- [Data for analysis]:
——
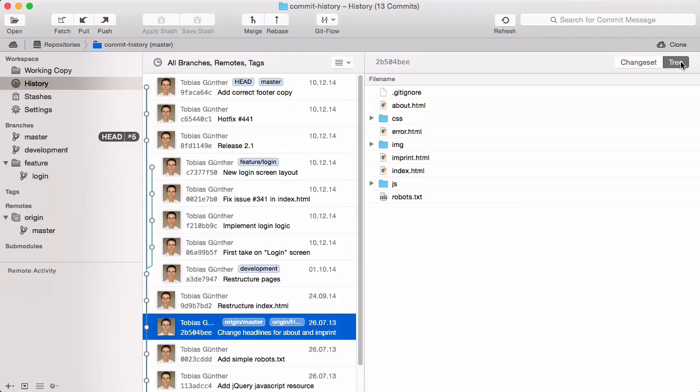The history item in the sidebar shows all commits in your project. If you want to see only the commits of a certain branch, you can simply select it in the sidebar.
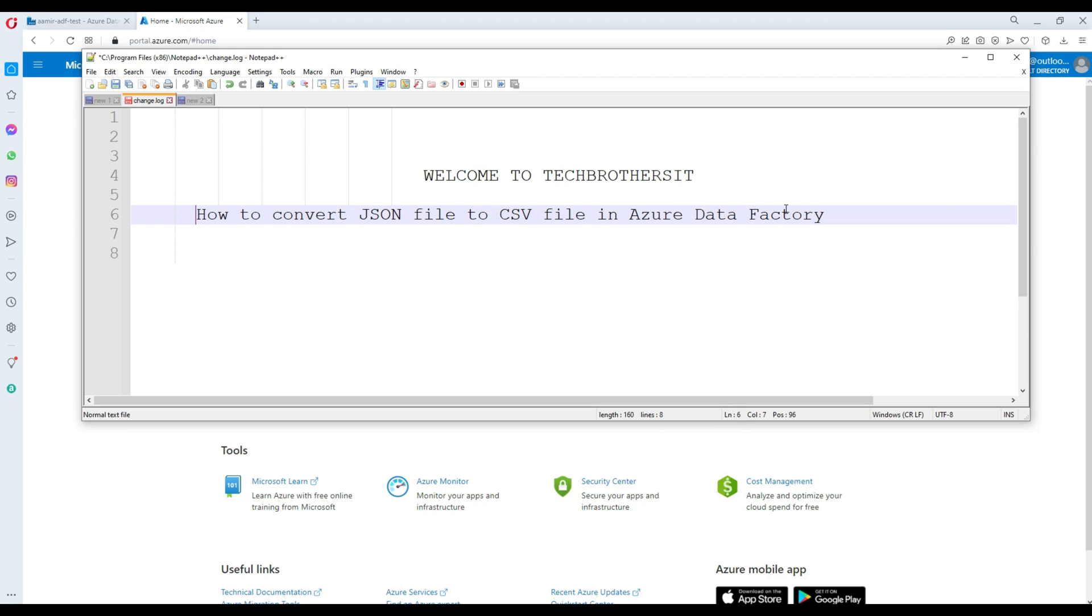Welcome to Tech Brothers with Amir. In this video we are going to learn how to convert JSON file to CSV file in Azure Data Factory.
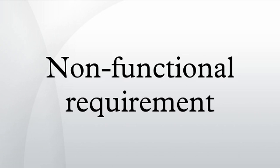In Systems Engineering and Requirements Engineering, a non-functional requirement is a requirement that specifies criteria that can be used to judge the operation of a system, rather than specific behaviors.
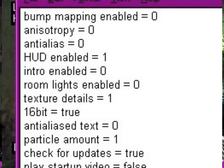16-bit false, leave that for now. Anti-alias text is 0, that's fine. Particle amount I'm going to make that 1. Check for updates true. Play startup video, I'm going to highlight true and type false.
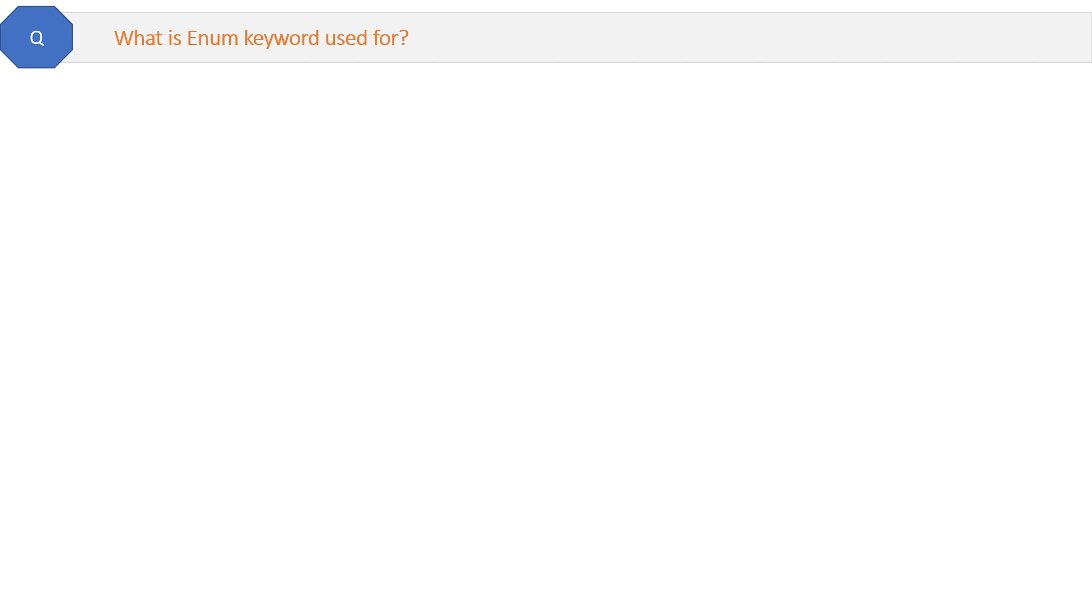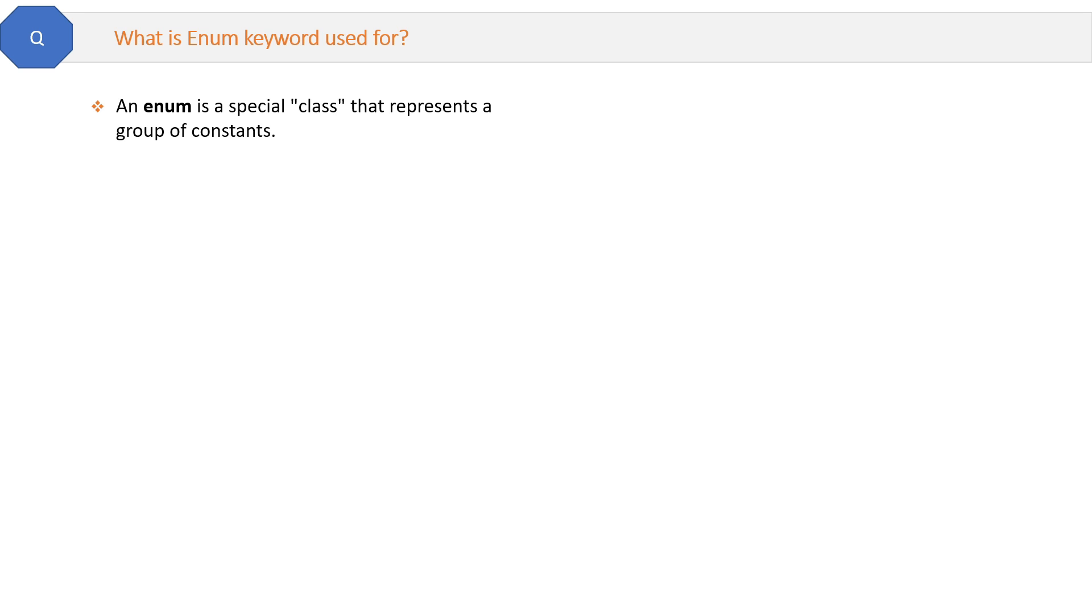What is enum keyword used for? The definition is: an enum is a special class that represents a group of constants. Suppose you have some fixed values in your project and you want to assign numbers to them.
——
- [Problem description]: Every line from the one with "In Systems Engineering" through the last line of the material gets printed exactly, and nothing more. Omit the pictures.

- [Response]:
In Systems Engineering and Requirements Engineering, a non-functional requirement is a requirement that specifies criteria that can be used to judge the operation of a system, rather than specific behaviors.
16-bit false, leave that for now. Anti-alias text is 0, that's fine. Particle amount I'm going to make that 1. Check for updates true. Play startup video, I'm going to highlight true and type false.
What is enum keyword used for? The definition is: an enum is a special class that represents a group of constants. Suppose you have some fixed values in your project and you want to assign numbers to them.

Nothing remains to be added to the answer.